Deijkers' access to unique equipment in Wadley's lab, specifically a directed vapor deposition system, enabled this breakthrough in environmental barrier coatings. The ability to deposit a film of ytterbium disilicate that is thinner than the diameter of a human hair is key to their success.
The directed vapor deposition process uses a powerful 10-kilowatt focused electron beam to melt material in a low-pressure chamber. A supersonic gas jet transports the vapor to the silicon-coated silicon carbide where it condenses, creating a thin film. They then use a plasma spray method to deposit the final ytterbium disilicate layer, and the coated component is then ready for testing.
When Deijkers began applying to Ph.D. programs in the United States, his master's thesis on thermal barrier coatings captured Wadley's attention. Deijkers' arrival was well timed. Group member Brad Richards, who earned his Ph.D. in materials science and engineering from UVA in 2015, had developed the silicon-ytterbium disilicate coating system for ceramics that was subsequently found to be very similar to that being used by the makers of aircraft engines.
Deijkers' dissertation improves Richards' coating system, deepening understanding of the surface chemistry involved and increasing the coating system's viability for commercial adoption.

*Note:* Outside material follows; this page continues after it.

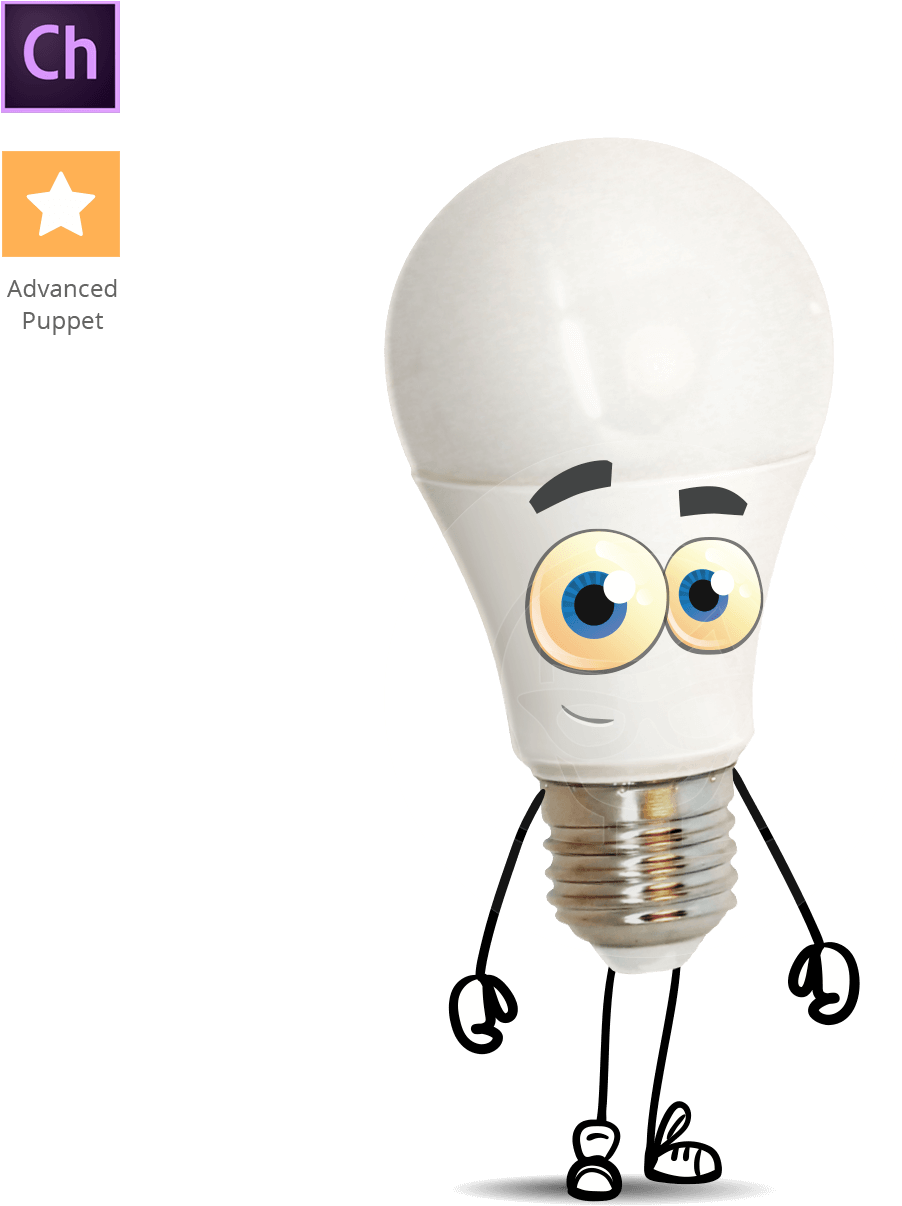 Light Bulb Character Animator Puppet - Cartoon (1238x1318), Png Download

"One set of questions driving my research focused on how long it takes for the hafnon to form through the oxidation process," Deijkers said. "I wanted to understand how this process really works, and whether we could actually put it to use. This coating has greater potential than we thought; we need to develop it and put it in an actual engine, to move it further along the path toward commercialization."
Today's methods are rooted in deposition techniques developed in the 1970s.
"Compared to the state-of-the-art in industry, our research makes a major improvement," Deijkers said. "My rough estimate, if industrial manufacturers were able to implement these newer processing techniques, they could extend the engine parts' lifetime by as much as 200 times. But there are a lot of hurdles to jump through to get that level of performance."
"The problems we have to solve are multi-disciplinary and multi-institutional," Wadley said. "We need to fuse together knowledge from mechanics, chemistry and materials science in order to make progress. Beyond the immediate need to reduce CO2 emitted by propulsion technology, our research supports the global shift from carbon-containing hydrocarbons to hydrogen fuels and the eventual electrification of air travel platforms."